## What to produce
Starting at the top of the entries, restate word for word each line up to and including the one with "NSP통신-곽수윤 DL건설 대표(앞줄".

## Record set
★ ★ ★ ★ ★
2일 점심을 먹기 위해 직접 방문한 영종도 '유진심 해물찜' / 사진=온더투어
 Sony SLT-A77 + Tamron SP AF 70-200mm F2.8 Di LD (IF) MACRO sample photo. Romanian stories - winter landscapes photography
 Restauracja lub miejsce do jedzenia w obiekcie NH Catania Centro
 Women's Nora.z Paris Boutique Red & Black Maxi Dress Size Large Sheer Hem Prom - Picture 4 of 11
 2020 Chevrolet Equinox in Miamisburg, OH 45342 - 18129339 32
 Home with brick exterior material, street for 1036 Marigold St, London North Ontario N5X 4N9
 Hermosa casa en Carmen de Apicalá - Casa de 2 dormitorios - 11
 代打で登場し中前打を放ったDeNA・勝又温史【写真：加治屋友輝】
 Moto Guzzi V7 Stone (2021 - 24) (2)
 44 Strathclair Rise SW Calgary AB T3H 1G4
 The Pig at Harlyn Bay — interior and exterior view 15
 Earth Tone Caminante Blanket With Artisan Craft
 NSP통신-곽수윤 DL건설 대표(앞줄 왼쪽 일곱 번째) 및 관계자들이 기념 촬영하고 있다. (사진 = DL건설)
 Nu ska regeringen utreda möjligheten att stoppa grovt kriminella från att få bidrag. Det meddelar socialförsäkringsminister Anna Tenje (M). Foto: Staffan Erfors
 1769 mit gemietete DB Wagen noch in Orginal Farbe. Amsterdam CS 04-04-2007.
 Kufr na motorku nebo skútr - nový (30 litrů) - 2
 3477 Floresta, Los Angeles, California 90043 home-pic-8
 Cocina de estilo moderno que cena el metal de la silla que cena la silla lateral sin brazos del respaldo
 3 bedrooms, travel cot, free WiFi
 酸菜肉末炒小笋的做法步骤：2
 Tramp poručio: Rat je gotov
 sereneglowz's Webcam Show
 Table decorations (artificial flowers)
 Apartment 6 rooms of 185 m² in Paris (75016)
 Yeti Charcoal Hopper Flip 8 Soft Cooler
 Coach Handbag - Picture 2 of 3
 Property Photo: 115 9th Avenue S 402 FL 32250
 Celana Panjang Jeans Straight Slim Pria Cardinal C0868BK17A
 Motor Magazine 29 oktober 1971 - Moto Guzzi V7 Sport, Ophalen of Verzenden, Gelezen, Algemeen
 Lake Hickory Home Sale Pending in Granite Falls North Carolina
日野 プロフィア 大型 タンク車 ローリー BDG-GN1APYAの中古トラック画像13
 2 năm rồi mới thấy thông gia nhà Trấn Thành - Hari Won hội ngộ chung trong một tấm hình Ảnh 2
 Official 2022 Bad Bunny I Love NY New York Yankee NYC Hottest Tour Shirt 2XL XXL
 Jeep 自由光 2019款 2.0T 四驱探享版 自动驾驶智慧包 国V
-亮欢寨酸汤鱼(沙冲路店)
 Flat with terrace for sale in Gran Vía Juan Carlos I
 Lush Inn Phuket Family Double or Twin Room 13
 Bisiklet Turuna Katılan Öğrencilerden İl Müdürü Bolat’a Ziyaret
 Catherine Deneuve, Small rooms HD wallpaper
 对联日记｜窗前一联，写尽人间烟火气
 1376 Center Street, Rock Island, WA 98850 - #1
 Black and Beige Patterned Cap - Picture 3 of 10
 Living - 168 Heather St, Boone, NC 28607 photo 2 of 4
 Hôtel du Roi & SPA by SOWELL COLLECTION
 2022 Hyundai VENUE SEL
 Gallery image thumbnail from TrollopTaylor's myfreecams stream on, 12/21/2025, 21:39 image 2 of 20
★ ★ ★ ★ ★
## Problem solution
2일 점심을 먹기 위해 직접 방문한 영종도 '유진심 해물찜' / 사진=온더투어
 Sony SLT-A77 + Tamron SP AF 70-200mm F2.8 Di LD (IF) MACRO sample photo. Romanian stories - winter landscapes photography
 Restauracja lub miejsce do jedzenia w obiekcie NH Catania Centro
 Women's Nora.z Paris Boutique Red & Black Maxi Dress Size Large Sheer Hem Prom - Picture 4 of 11
 2020 Chevrolet Equinox in Miamisburg, OH 45342 - 18129339 32
 Home with brick exterior material, street for 1036 Marigold St, London North Ontario N5X 4N9
 Hermosa casa en Carmen de Apicalá - Casa de 2 dormitorios - 11
 代打で登場し中前打を放ったDeNA・勝又温史【写真：加治屋友輝】
 Moto Guzzi V7 Stone (2021 - 24) (2)
 44 Strathclair Rise SW Calgary AB T3H 1G4
 The Pig at Harlyn Bay — interior and exterior view 15
 Earth Tone Caminante Blanket With Artisan Craft
 NSP통신-곽수윤 DL건설 대표(앞줄 왼쪽 일곱 번째) 및 관계자들이 기념 촬영하고 있다. (사진 = DL건설)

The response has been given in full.